Want a corporate executive-style memo? You can write a prompt that frames it that way. Prefer a friendly, conversational recap? Adjust accordingly. In this sense, the digest becomes an editor you can shape.
Still, the lack of AI at the individual article level feels like a missed opportunity. Imagine opening your inbox and seeing one-paragraph AI summaries for each key article in your digest. That would reduce the need to click through everything while still surfacing value.
Comparing to Mailbrew’s Legacy

For those who used Mailbrew, comparisons are inevitable. Mailbrew positioned itself as a more open aggregator, pulling in sources beyond RSS—like newsletters, social feeds, and even custom integrations. That made it attractive for people who wanted a single pipeline for all kinds of digital content.

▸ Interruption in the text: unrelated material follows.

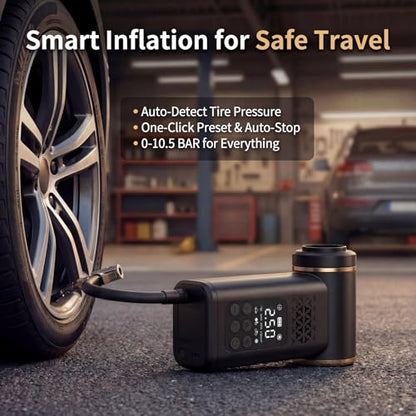 5-in-1 Cordless Car Vacuum and Tire Inflator, 150 PSI Air Compressor | Auto Shut-Off, Blower, LED Light, Portable, Cordless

Inoreader, by contrast, is firmly rooted in RSS. This makes sense given its history, but it means digests risk becoming siloed. You’re essentially reformatting what you already follow in Inoreader, not extending into new territory. Where Mailbrew felt like a bridge between web services, Inoreader’s digests feel like a refinement of its core.
The trade-off is clear: more flexibility in AI summaries, less breadth in inputs.
Who Is It For?
The real question is audience. Right now, Email Digests feel best suited for:
- Personal knowledge management. If you want a private way to keep track of narrow topics, this could prove to be a good fit.
- Focused theme projects. For example, building a digest of photography blogs or tracking long-form writing on technology.
- Workflow aids. Professionals who want an inbox-friendly recap of industry news will enjoy email digests in Inoreader..
But if you’re looking to build a public audience, this isn’t it—at least not yet. There’s no shareable digest URL, no way to position yourself as a curator with a following.
Looking Ahead
The framework is there for something bigger. If Inoreader eventually opens up public-facing digests, adds highlight integration, and experiments with denser layouts, the feature could evolve into a strong alternative to dedicated newsletter tools.
Until then, it’s best thought of as an individual productivity enhancement, not a replacement for Mailbrew.
Final Thoughts
Inoreader’s Email Digest feature showcases flexibility in design, particularly with its AI prompt customization, but this comes with trade-offs in source diversity and some constraints around layout. Unlike Mailbrew, which is free, Inoreader charges an additional $7 a month to an existing Pro subscription. That’s a tough sell unless the feature becomes central to your workflow. I don’t think it’s my case.
For individual users, the tool may feel more like a nice experiment than an essential upgrade. In its current state, it’s best suited for tightly curated, personal digests rather than broader sharing or community-driven newsletters.